— Supplied entries —
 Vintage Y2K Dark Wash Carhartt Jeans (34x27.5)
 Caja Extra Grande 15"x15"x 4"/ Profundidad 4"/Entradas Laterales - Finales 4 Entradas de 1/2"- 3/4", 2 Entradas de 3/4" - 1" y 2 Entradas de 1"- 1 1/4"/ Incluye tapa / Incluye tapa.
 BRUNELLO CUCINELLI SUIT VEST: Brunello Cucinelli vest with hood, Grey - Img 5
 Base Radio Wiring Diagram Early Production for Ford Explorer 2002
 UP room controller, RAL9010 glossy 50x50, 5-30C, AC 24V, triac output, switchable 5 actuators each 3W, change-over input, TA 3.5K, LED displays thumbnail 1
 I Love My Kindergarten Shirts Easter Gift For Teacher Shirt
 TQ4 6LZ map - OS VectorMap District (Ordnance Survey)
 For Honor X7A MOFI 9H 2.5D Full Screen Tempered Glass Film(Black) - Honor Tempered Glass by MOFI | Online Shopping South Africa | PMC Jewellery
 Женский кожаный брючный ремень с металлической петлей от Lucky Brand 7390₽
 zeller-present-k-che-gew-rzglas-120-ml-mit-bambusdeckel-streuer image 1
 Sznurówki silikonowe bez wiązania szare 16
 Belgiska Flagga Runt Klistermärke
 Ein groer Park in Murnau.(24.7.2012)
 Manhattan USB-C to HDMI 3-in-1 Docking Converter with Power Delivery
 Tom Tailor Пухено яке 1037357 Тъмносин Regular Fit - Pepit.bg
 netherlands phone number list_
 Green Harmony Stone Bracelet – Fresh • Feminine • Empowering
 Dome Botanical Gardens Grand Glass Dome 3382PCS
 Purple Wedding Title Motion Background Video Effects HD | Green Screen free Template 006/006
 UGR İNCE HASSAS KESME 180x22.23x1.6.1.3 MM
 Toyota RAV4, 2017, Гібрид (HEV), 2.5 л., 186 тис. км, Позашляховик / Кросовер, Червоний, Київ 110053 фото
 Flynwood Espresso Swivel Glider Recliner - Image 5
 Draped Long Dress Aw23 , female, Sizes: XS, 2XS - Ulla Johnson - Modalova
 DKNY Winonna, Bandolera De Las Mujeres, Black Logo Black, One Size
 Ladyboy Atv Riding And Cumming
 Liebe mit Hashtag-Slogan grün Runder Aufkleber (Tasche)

— Work task —
Your answer should be the full set of records above, restated exactly.

— Response to this task —
 Vintage Y2K Dark Wash Carhartt Jeans (34x27.5)
 Caja Extra Grande 15"x15"x 4"/ Profundidad 4"/Entradas Laterales - Finales 4 Entradas de 1/2"- 3/4", 2 Entradas de 3/4" - 1" y 2 Entradas de 1"- 1 1/4"/ Incluye tapa / Incluye tapa.
 BRUNELLO CUCINELLI SUIT VEST: Brunello Cucinelli vest with hood, Grey - Img 5
 Base Radio Wiring Diagram Early Production for Ford Explorer 2002
 UP room controller, RAL9010 glossy 50x50, 5-30C, AC 24V, triac output, switchable 5 actuators each 3W, change-over input, TA 3.5K, LED displays thumbnail 1
 I Love My Kindergarten Shirts Easter Gift For Teacher Shirt
 TQ4 6LZ map - OS VectorMap District (Ordnance Survey)
 For Honor X7A MOFI 9H 2.5D Full Screen Tempered Glass Film(Black) - Honor Tempered Glass by MOFI | Online Shopping South Africa | PMC Jewellery
 Женский кожаный брючный ремень с металлической петлей от Lucky Brand 7390₽
 zeller-present-k-che-gew-rzglas-120-ml-mit-bambusdeckel-streuer image 1
 Sznurówki silikonowe bez wiązania szare 16
 Belgiska Flagga Runt Klistermärke
 Ein groer Park in Murnau.(24.7.2012)
 Manhattan USB-C to HDMI 3-in-1 Docking Converter with Power Delivery
 Tom Tailor Пухено яке 1037357 Тъмносин Regular Fit - Pepit.bg
 netherlands phone number list_
 Green Harmony Stone Bracelet – Fresh • Feminine • Empowering
 Dome Botanical Gardens Grand Glass Dome 3382PCS
 Purple Wedding Title Motion Background Video Effects HD | Green Screen free Template 006/006
 UGR İNCE HASSAS KESME 180x22.23x1.6.1.3 MM
 Toyota RAV4, 2017, Гібрид (HEV), 2.5 л., 186 тис. км, Позашляховик / Кросовер, Червоний, Київ 110053 фото
 Flynwood Espresso Swivel Glider Recliner - Image 5
 Draped Long Dress Aw23 , female, Sizes: XS, 2XS - Ulla Johnson - Modalova
 DKNY Winonna, Bandolera De Las Mujeres, Black Logo Black, One Size
 Ladyboy Atv Riding And Cumming
 Liebe mit Hashtag-Slogan grün Runder Aufkleber (Tasche)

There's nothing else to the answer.